#### EXTRACTED INFORMATION ####

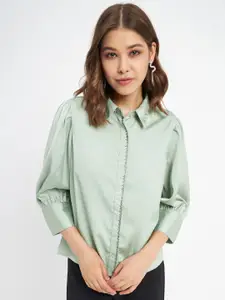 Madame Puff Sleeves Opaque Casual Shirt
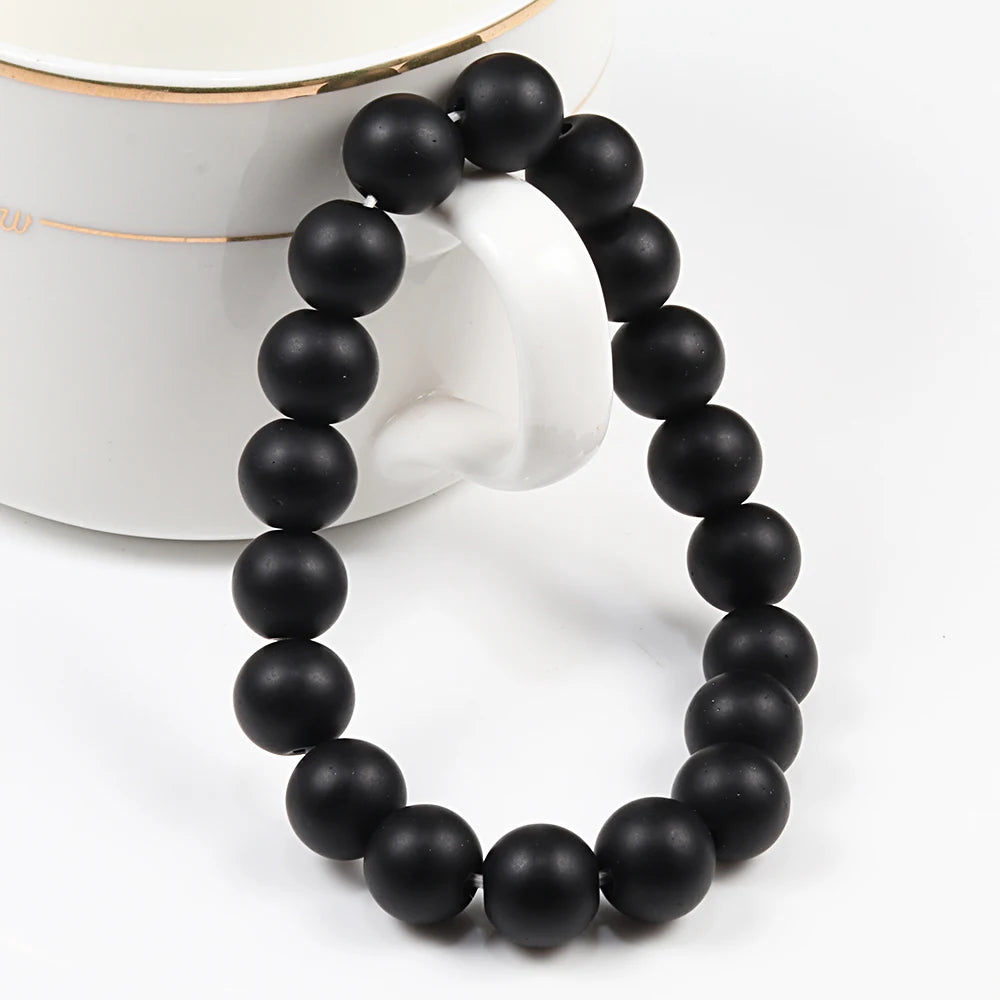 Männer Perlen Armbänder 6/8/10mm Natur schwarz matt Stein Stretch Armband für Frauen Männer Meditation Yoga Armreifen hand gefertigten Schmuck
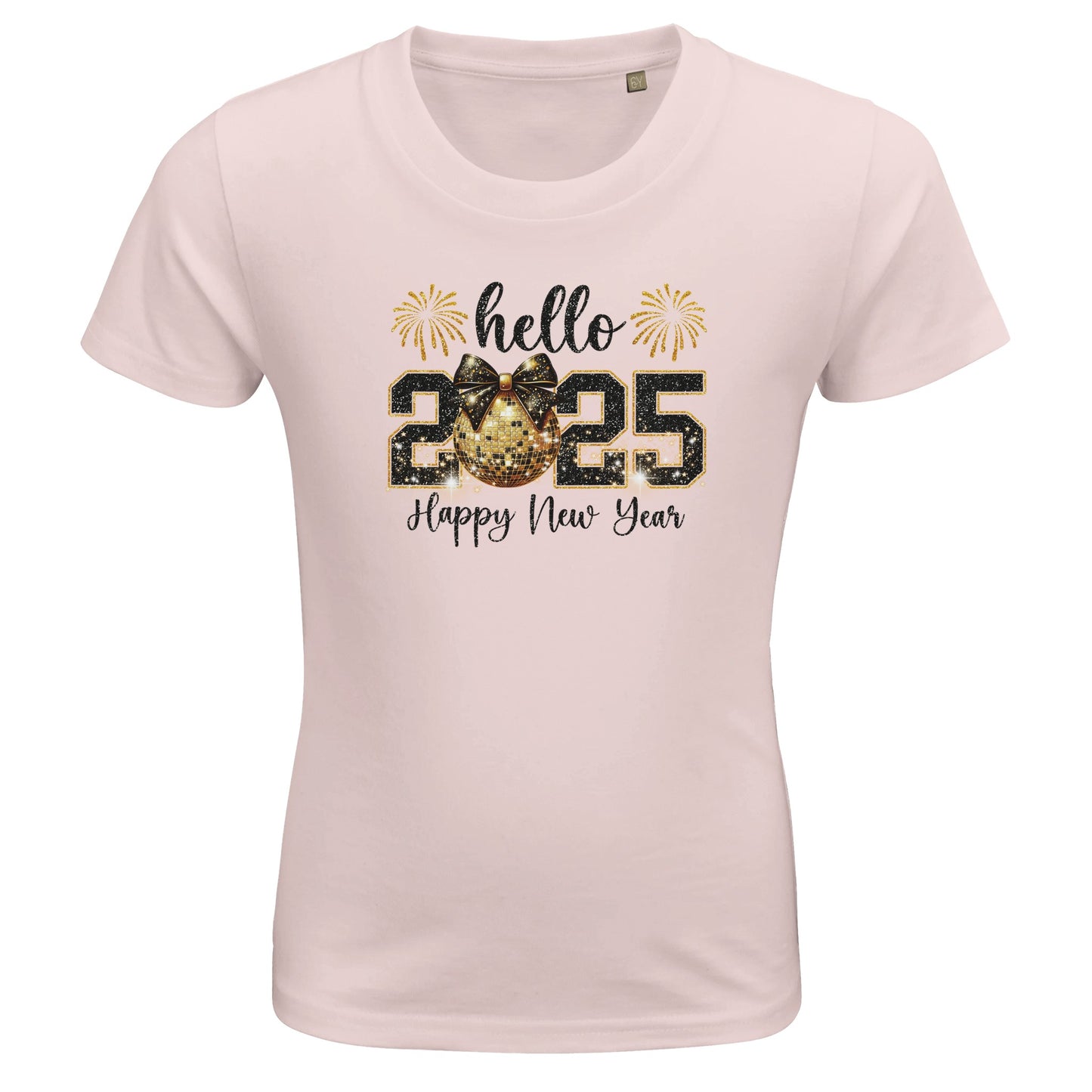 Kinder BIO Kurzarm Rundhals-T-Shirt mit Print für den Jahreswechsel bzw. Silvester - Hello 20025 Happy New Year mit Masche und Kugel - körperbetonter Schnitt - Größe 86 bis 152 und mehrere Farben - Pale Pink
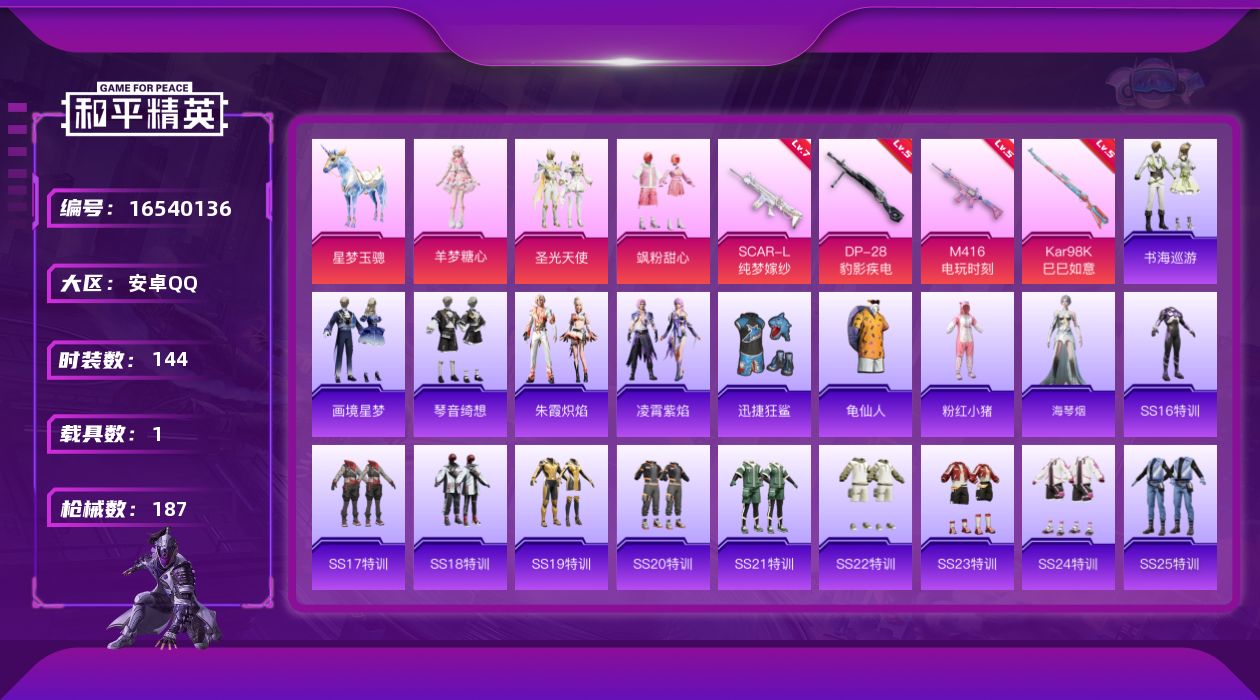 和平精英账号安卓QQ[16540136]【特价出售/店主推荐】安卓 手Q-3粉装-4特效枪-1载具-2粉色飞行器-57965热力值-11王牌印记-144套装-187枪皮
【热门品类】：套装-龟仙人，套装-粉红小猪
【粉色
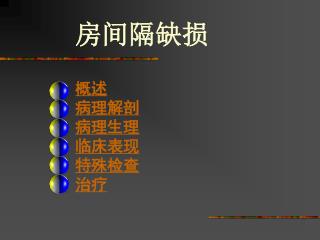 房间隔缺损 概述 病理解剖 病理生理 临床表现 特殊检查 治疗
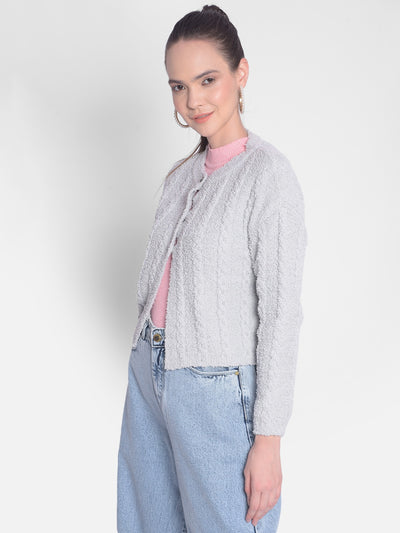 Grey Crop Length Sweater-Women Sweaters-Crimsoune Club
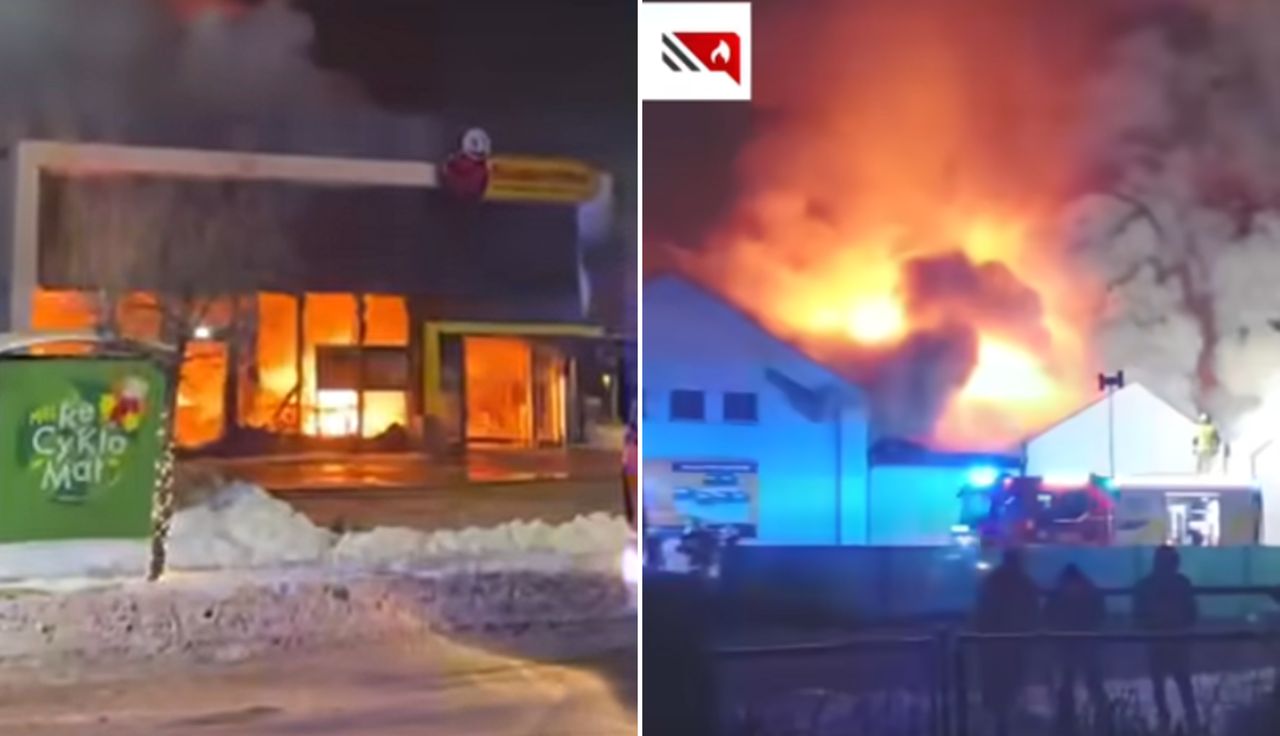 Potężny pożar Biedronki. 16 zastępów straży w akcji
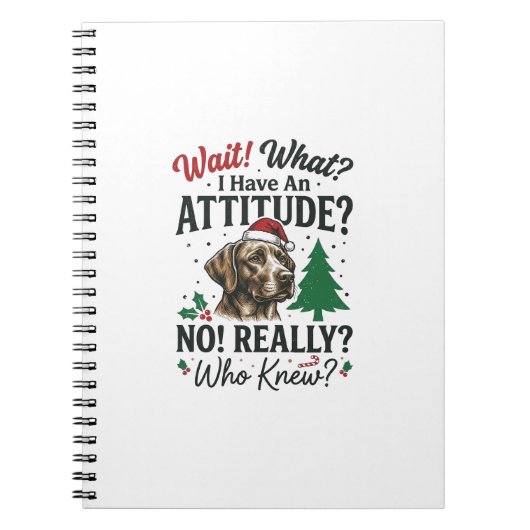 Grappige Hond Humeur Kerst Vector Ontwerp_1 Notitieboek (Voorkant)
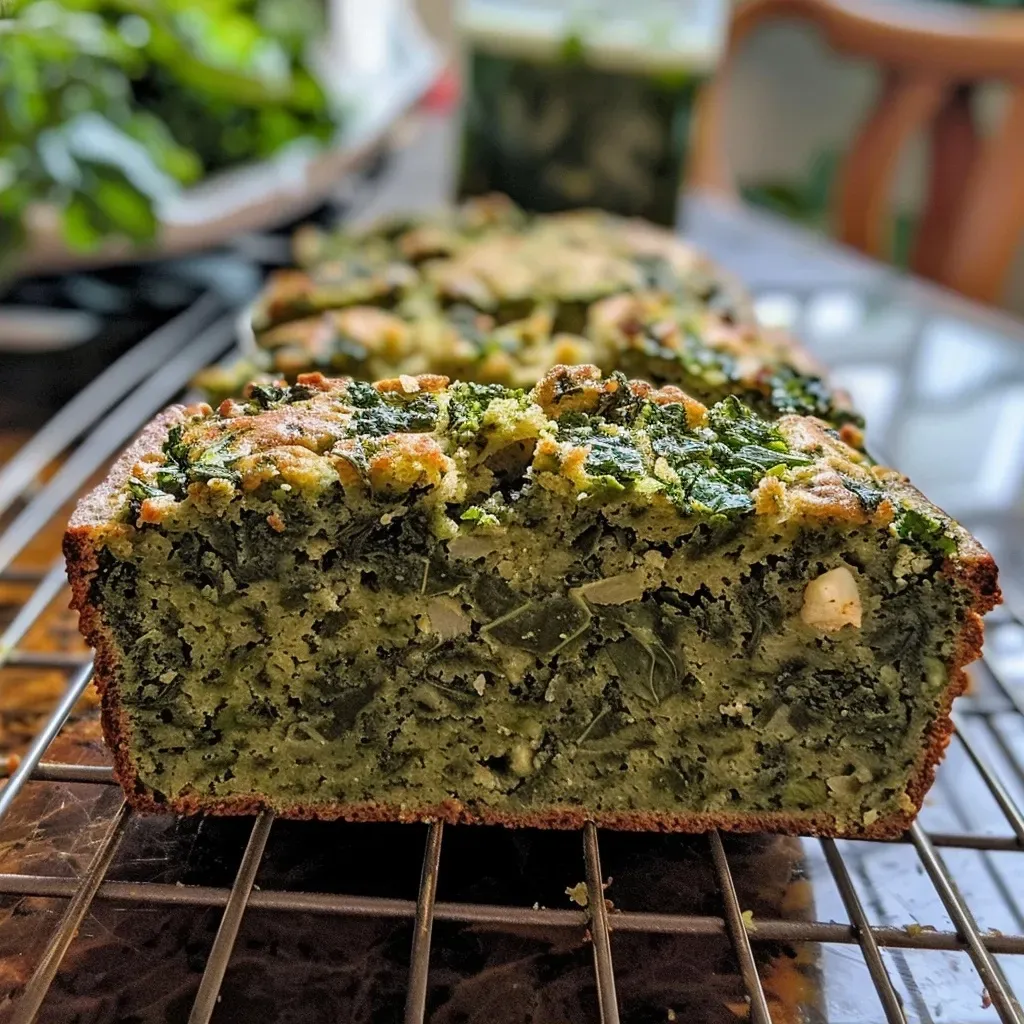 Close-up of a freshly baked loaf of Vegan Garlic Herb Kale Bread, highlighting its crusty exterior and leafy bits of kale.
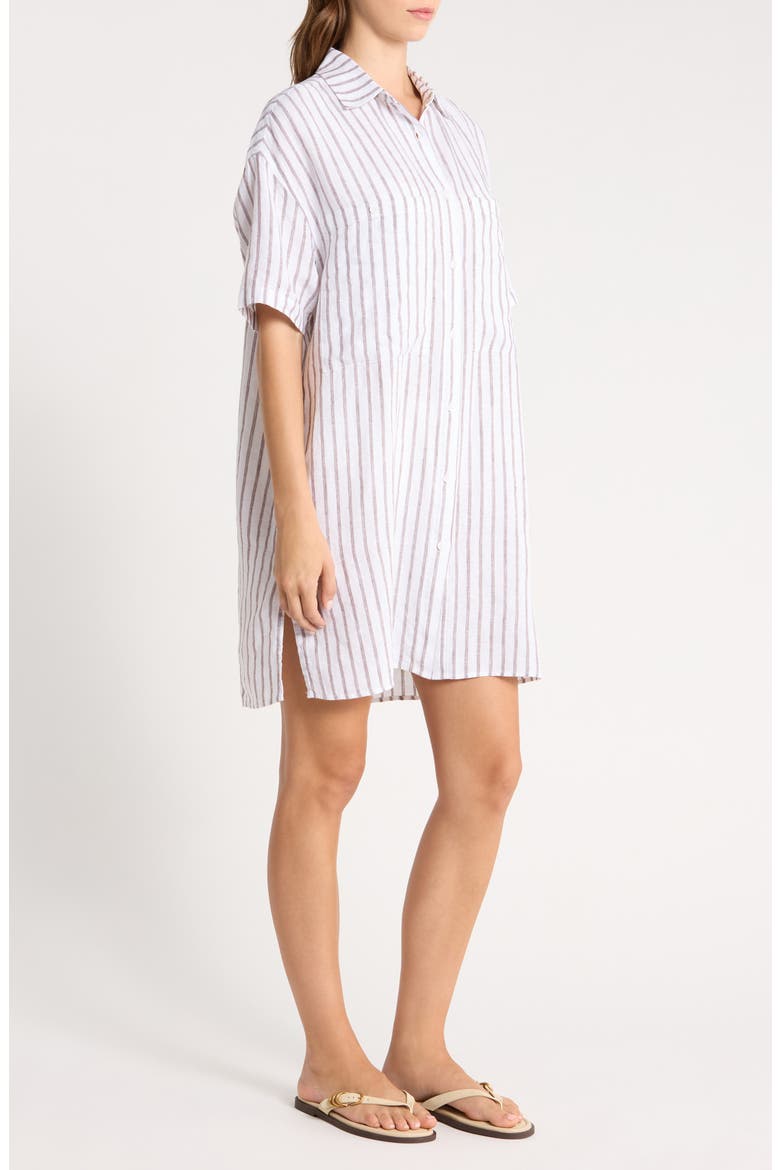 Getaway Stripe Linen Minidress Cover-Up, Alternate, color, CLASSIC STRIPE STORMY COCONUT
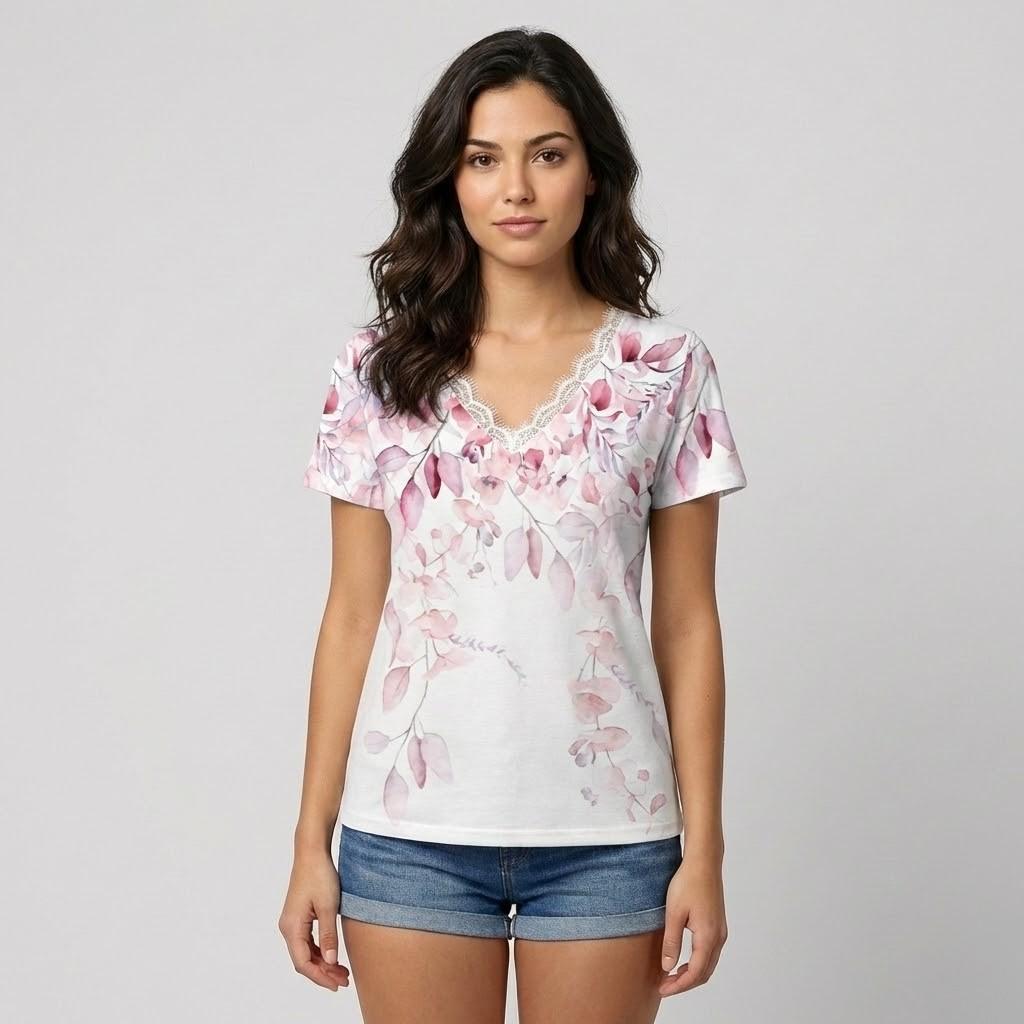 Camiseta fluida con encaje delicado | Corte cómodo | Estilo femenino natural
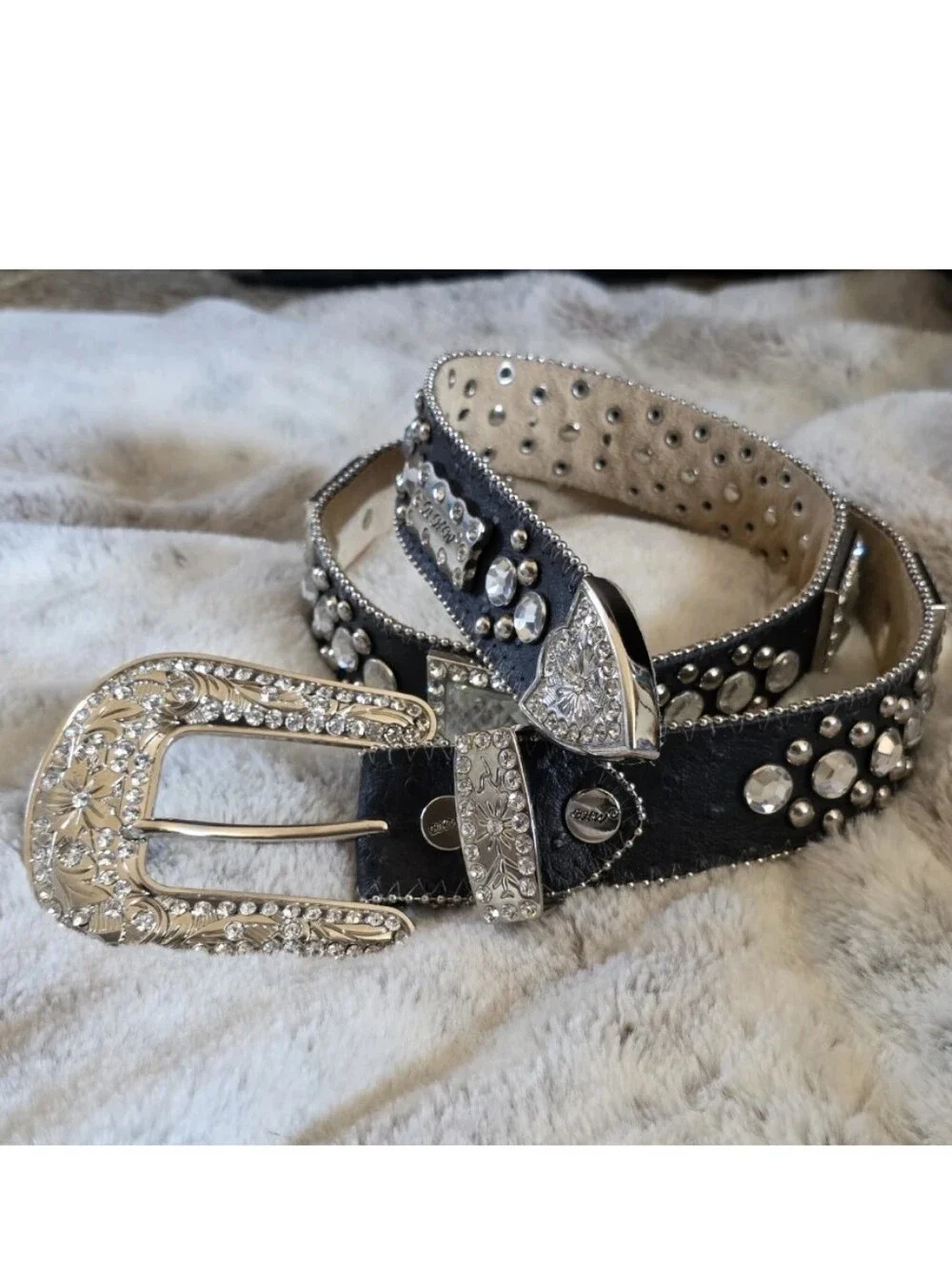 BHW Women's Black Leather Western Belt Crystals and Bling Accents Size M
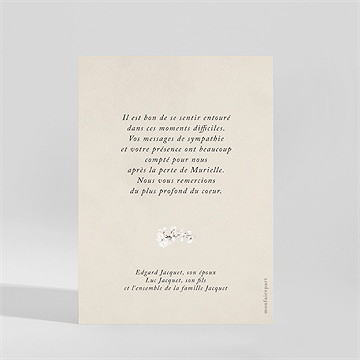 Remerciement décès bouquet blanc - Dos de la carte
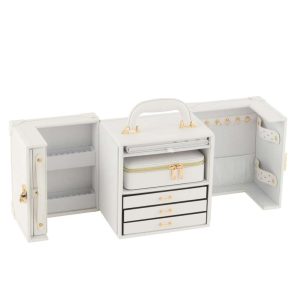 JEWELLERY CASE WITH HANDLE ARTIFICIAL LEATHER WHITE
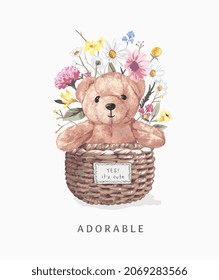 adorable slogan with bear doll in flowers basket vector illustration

####

Please set the data above down exactly, with the pictures removed.

 Madame Puff Sleeves Opaque Casual Shirt
 Männer Perlen Armbänder 6/8/10mm Natur schwarz matt Stein Stretch Armband für Frauen Männer Meditation Yoga Armreifen hand gefertigten Schmuck
 Kinder BIO Kurzarm Rundhals-T-Shirt mit Print für den Jahreswechsel bzw. Silvester - Hello 20025 Happy New Year mit Masche und Kugel - körperbetonter Schnitt - Größe 86 bis 152 und mehrere Farben - Pale Pink
 和平精英账号安卓QQ[16540136]【特价出售/店主推荐】安卓 手Q-3粉装-4特效枪-1载具-2粉色飞行器-57965热力值-11王牌印记-144套装-187枪皮
【热门品类】：套装-龟仙人，套装-粉红小猪
【粉色
 房间隔缺损 概述 病理解剖 病理生理 临床表现 特殊检查 治疗
 Grey Crop Length Sweater-Women Sweaters-Crimsoune Club
 Potężny pożar Biedronki. 16 zastępów straży w akcji
 Grappige Hond Humeur Kerst Vector Ontwerp_1 Notitieboek (Voorkant)
 Close-up of a freshly baked loaf of Vegan Garlic Herb Kale Bread, highlighting its crusty exterior and leafy bits of kale.
 Getaway Stripe Linen Minidress Cover-Up, Alternate, color, CLASSIC STRIPE STORMY COCONUT
 Camiseta fluida con encaje delicado | Corte cómodo | Estilo femenino natural
 BHW Women's Black Leather Western Belt Crystals and Bling Accents Size M
 Remerciement décès bouquet blanc - Dos de la carte
 JEWELLERY CASE WITH HANDLE ARTIFICIAL LEATHER WHITE
 adorable slogan with bear doll in flowers basket vector illustration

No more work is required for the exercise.